Monday, July 12, 2010

How Bad are Things for Small Business?

In a speech today, Ben Bernanke tells us:

The formation and growth of small businesses depends critically on access to credit. Unfortunately, conditions remain very difficult. For example, the net percentage of survey respondents telling the National Federation of Independent Business that credit conditions have tightened over the prior three months has remained extremely elevated by historical standards. And one measure of banks' loans to small businesses dropped from more than $710 billion in the second quarter of 2008 to less than $670 billion in the first quarter of 2010. An important but difficult-to-answer question is, How much of this reduction has been driven by weaker demand for loans from small businesses, how much by a deterioration in the financial condition of small businesses during the economic downturn, and how much by restricted credit availability? No doubt all three factors have played a role...

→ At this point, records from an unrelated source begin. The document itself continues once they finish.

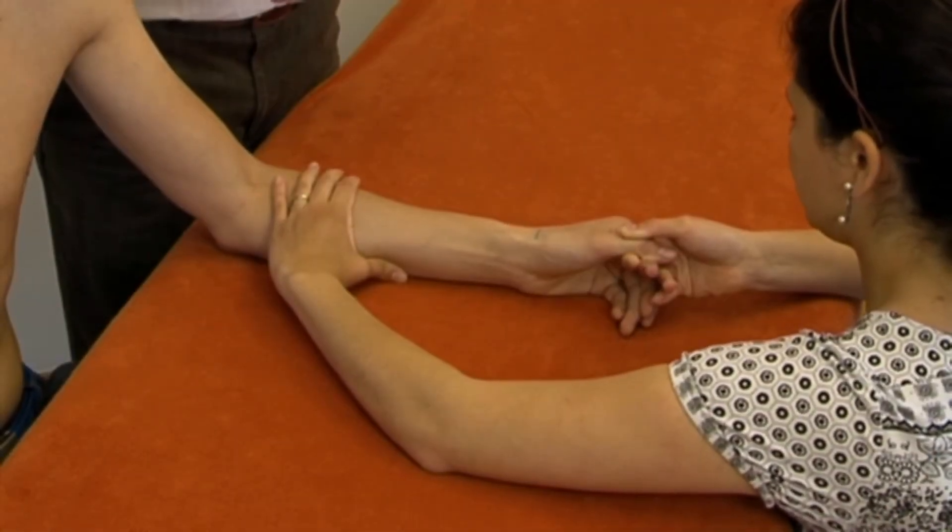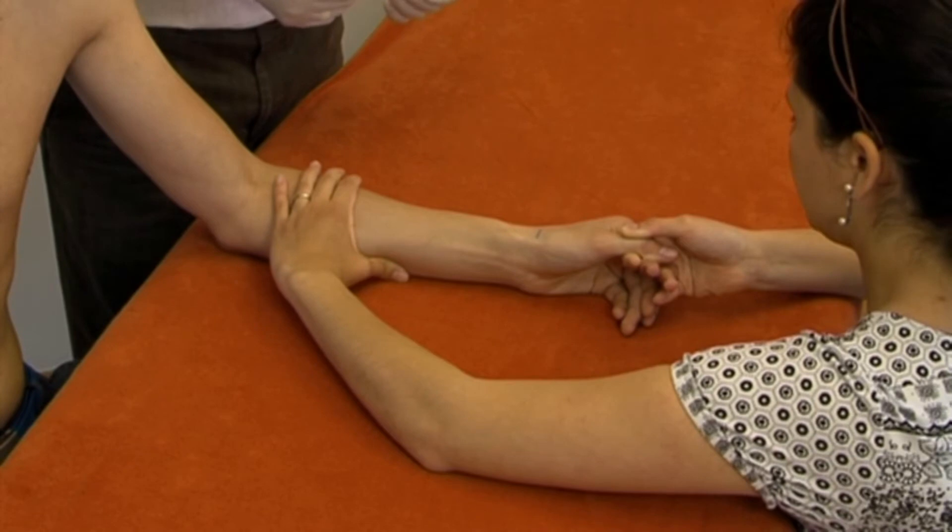The joint is made more accessible by an assistant pulling on the thumb and exerting counter-pressure on the patient's forearm.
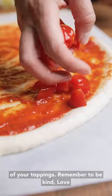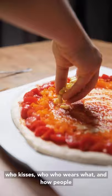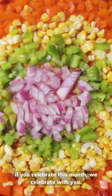Remember to be kind. Love is love is love. We have bigger issues than who kisses who, who wears what, and how people choose to express themselves. Equality is a human right. And if nothing else, know that if you celebrate this month, we celebrate with you. You are safe here, we love you. Happy Pride Month.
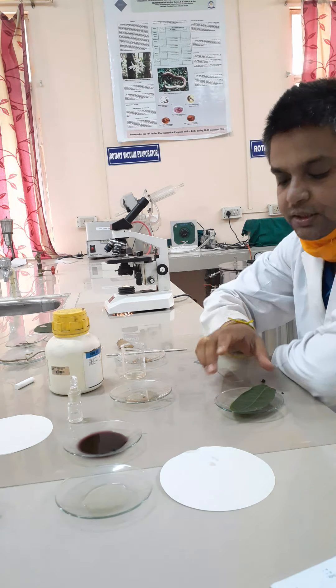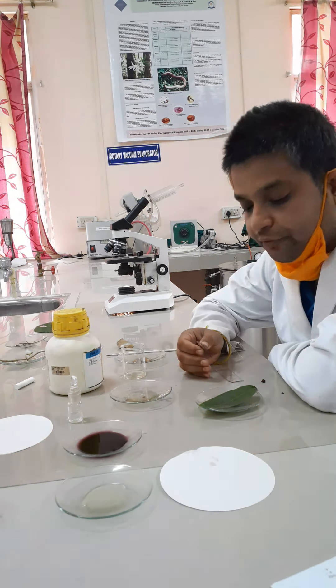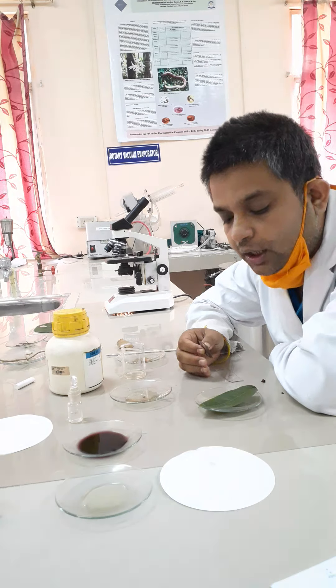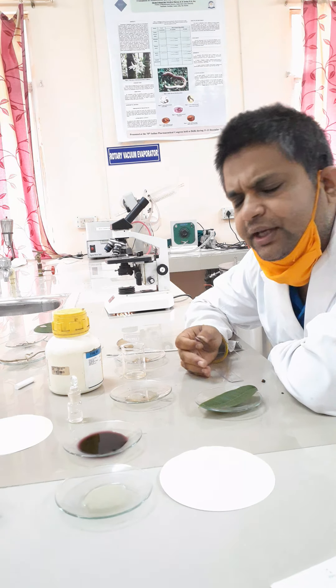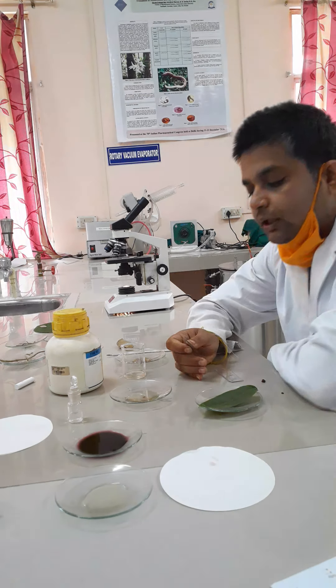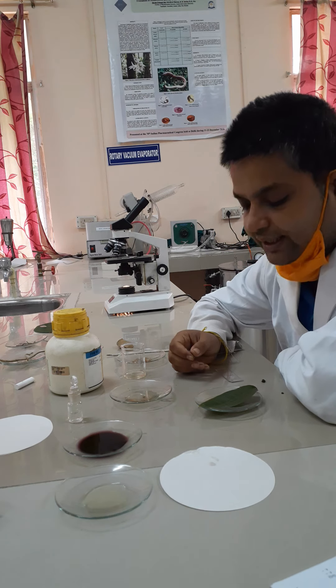In today's experiment, we are going to show the transverse section of a leaf — how to take a transverse section of any leaf. It may be a datura, it may be a senna, or it may be any type of leaf. The technique we are using here is known as the sandwiching technique.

As one business owner at the Detroit meeting I attended put it, "If you thought housing had declined in value, take a look at what equipment is worth." Business owners cited credit lines and working capital as their most critical financial needs, followed by refinancing products that would permit them to take advantage of low interest rates.


  1. Everytime I read something from these lunatics, I have to wonder what they think a small business is.

    The small businesses I know, like the small car wash, the firm supplying hands for concerts and fairs, the pub at the corner, the software development startup, the bakery and the likes do not need hunger credit lines. They need cheap tools (mostly used) and some working space, which can be easily paid with 10000 bucks. What they need the most is protection from government protected mafia gangs.

    But lets be realistic here, to get on the list of the favoured small businesses, deperatly in need for cheap credits, one has to send a little check to the party in power. It's called supporting your politicians, but I would call it a bribe.

  2. Wouldn't any business owner's #1 concern be revenue? Or is that crazy talk?

  3. Move your money out of the TBTFs and into community banks / credit unions.